Figure 1: Elements to be varied and evaluated in a Web page

Two of these elements are varied in five ways and the remaining three in four ways. This gives us a total of 5 x 5 x 4 x 4 x 4 possible combinations, or 1,600 possible configurations.

Clearly, we cannot test all these.  But using the approach we will discuss, we could determine the value of all possible combinations, using just 20 precisely designed variants. We will show a summary of results later. This method clearly surpasses traditional A/B testing, where perhaps 4 variations would be the maximum.

How this works

This approach rests on using experimental designs. These designs allow us to vary many factors simultaneously and then untangle the effects of each change accurately. The august (but much faded) underlying method is full-profile conjoint analysis. This approach was hailed as a tremendous advance in the 1970s, because it could accurately measure the impact of changing products’ features and prices. It had far better predictive accuracy than other approaches, such as scaled ratings, and led to many successful product and pricing changes.[1]

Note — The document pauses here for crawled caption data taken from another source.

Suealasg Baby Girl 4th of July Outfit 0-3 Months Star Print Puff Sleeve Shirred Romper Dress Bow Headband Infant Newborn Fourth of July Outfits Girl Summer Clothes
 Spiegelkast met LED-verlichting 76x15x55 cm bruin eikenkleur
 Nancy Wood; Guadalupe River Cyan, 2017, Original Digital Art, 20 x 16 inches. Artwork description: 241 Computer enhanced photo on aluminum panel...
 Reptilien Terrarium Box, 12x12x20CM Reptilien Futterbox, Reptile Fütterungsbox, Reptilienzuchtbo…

However, conjoint later was largely abandoned, in part because it could measure relatively few features or changes in features. That is, the size of experimental design must expand as we measure more variations in those features. Conjoint also required each person to do a complete experiment. That is, each study participant would see as many varied product offerings (or product profiles) as the experiment required, and would evaluate each.

For instance, eight features or attributes, each varied in three ways, would require 18 runs in the experiment—or 18 product profiles. This would allow us to measure 3 7 or 2187 possible variations. Most people will not sit still for evaluating many more product profiles than this.  But often this was not enough for complex products or services.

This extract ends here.